Saint-Denys, Hervey De
Saint-Denys, Hervey De(dreams)
The Frenchman Hervey de Saint-Denys (1822–1892) was a professor of ethnography, specializing in Chinese and Tartar-Manchu. His book Les Rêves et les Moyens de les Diriger was originally published in French in 1867. The English translation, Dreams and How to Guide Them, was not published until 1982. Saint-Denys gained recognition as one of the founders of the technique known as lucid dreaming.

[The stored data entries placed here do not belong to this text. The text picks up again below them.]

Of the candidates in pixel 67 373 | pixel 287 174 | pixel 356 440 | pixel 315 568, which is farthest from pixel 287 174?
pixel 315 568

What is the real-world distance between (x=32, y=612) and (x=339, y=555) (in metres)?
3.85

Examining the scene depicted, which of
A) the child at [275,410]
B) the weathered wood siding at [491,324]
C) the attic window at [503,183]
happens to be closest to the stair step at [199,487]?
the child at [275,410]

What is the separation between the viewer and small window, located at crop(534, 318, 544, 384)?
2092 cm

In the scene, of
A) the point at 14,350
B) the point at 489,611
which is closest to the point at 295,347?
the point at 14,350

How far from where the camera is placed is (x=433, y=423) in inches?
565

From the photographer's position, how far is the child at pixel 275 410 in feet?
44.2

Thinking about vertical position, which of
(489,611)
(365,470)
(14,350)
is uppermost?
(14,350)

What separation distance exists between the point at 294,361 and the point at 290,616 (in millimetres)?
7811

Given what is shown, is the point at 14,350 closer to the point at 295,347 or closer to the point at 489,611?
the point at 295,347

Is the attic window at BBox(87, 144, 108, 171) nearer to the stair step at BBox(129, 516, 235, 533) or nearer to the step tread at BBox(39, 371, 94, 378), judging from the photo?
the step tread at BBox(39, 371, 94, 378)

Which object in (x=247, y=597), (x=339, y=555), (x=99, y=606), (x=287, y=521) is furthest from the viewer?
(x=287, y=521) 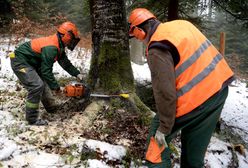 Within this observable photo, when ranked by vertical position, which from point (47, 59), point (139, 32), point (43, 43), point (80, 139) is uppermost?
point (139, 32)

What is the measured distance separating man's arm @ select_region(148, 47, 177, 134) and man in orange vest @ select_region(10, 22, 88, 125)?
260cm

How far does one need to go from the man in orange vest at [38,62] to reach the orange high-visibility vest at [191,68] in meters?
2.52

Saint-Denys first started to record his dreams at the age of thirteen. His dream diaries are extensive: twenty-two in total. He reported 1,946 nights in which he recalled his dreams. After the first year he even included pictures of images he remembered from his nocturnal experiences. His first lucid dream is recorded in the 207th entry. After that, he developed a series of mental exercises to increase his ability to achieve lucidity. Within the first six months of practicing these exercises, he was achieving lucidity two out of five nights, on average, which increased to an average of three out of four nights of lucidity after a year. Since, after only fifteen months, Saint-Denys was achieving lucidity almost every night, he inferred that with his exercises anyone seriously interested could achieve the same results.
By taking this approach to nightmares, it is possible to apply one’s will to the incoherent qualities of dreams and make them less destructive. The emotional, tumultuous and unpleasant qualities of dreams can be replaced with images that are more enjoyable when the dreamer develops the ability to impose her or his will on the dreaming process. By focusing on the foolishness of the nightmarish aspects of the dream, the dreamer is able to impede the offending aspects of the dream and thus lessen the fear it causes. And when dreamers are able to confront their fears and demonstrate power over nightmares, they decrease and sometimes stop altogether.